Johnson has had an interest in airplanes for as long as she can remember. Interviewing with Delta News Hub, she recalls a physics teacher gifting her a small taste of what piloting might be like. “In high school, my physics teacher, Mr. White, mentioned that he had an airplane, and I asked him if he’d ever take students flying. He agreed as long as I could get a couple of my friends to come and pay for gas. I was so excited and thought it was such a generous offer – I found my two bravest friends and we set a date.”
As a first generation college graduate, that high school experience inspired her to major in Aerospace technology while at Kent State University.
However, after her schooling was complete, she didn’t directly jump into the pilot’s seat. She paid her dues by being a flight instructor, making her coins in airport operations and even working at Blockbuster (the movie rental store of the ‘90s and 2000s).
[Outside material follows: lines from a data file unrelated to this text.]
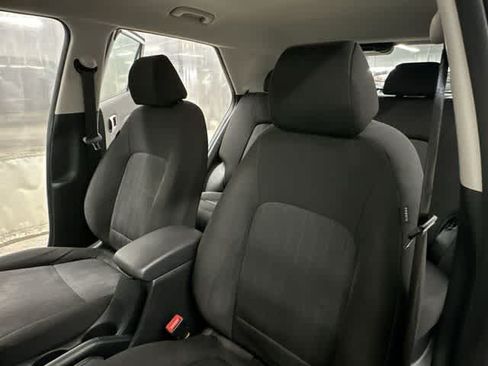 Used 2023 Hyundai Venue SE FWD image 13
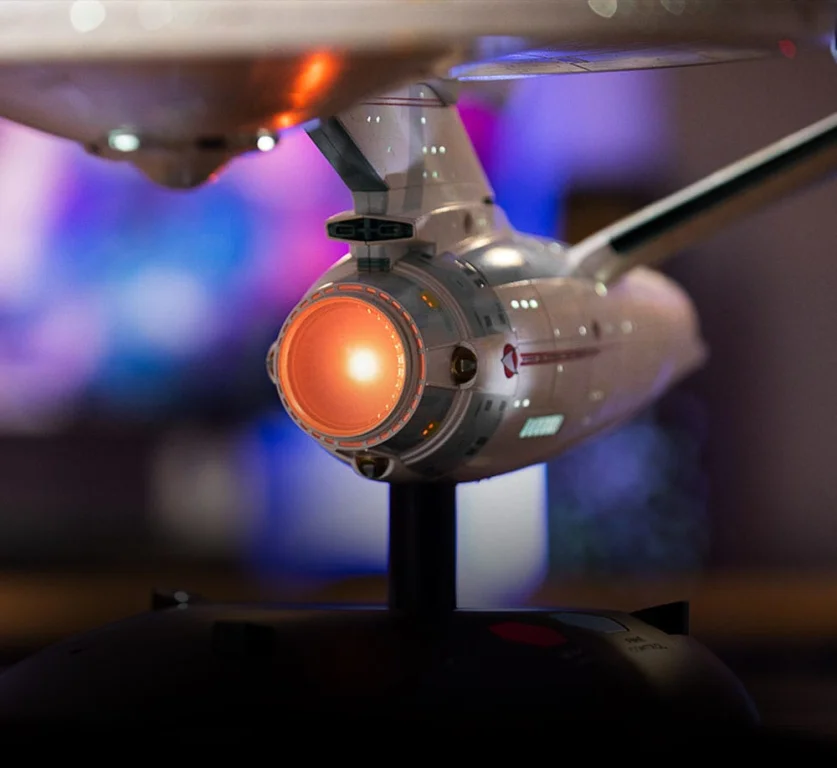 Star Trek - Scale Replica - U.S.S. Enterprise NCC-1701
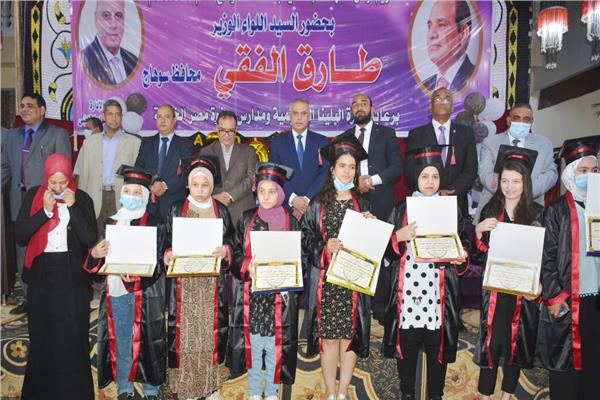 محافظ سوهاج يشهد حفل تكريم أوائل الشهادة الإعدادية بالبلينا 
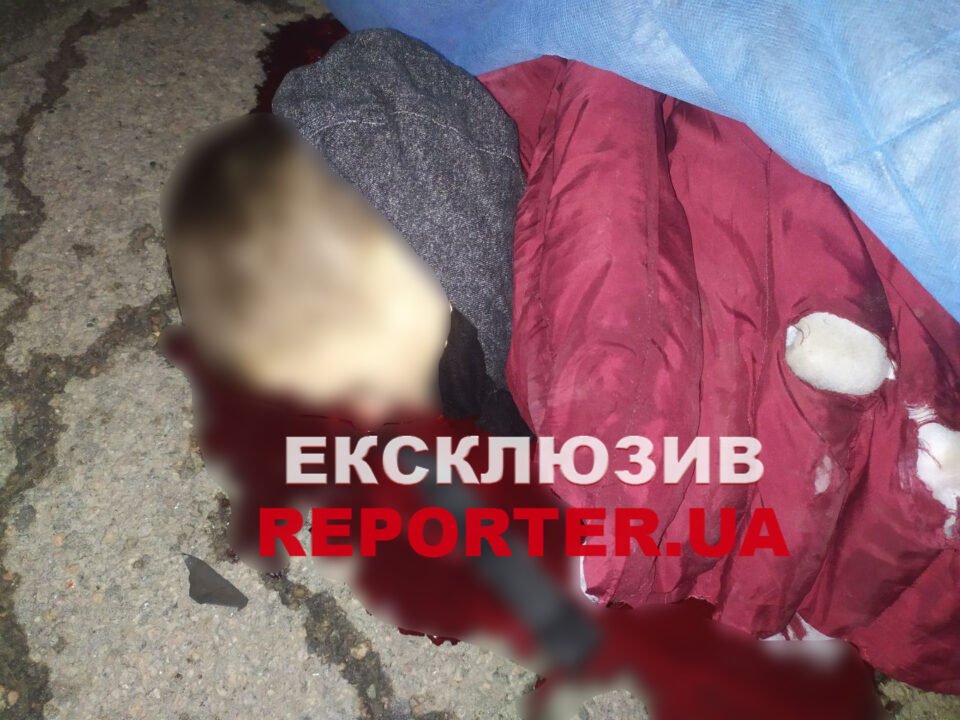 Загинув на місці: у Дніпрі легковик переїхав хлопця - рис. 1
But after earning enough flight experience, Johnson finally booked her first job as a pilot with Northwest Airlines in 1997, becoming their first black female pilot.
Johnson, becoming Delta’s First Black Female Captain, is a momentous barrier-breaking moment when you look at the stats. In 2013, the FAA (Federal Aviation Administration) reported that there was a total of 617,128 pilots of all races and origins, but only 2 percent identified themselves as African Americans. So, you can imagine how few flight captains there must still be now that are not only black but also women.
Stephanie Johnson is proudly paving the way for more black women in the wings to sit in the driver’s seat for many of our future flights. Do it, girl!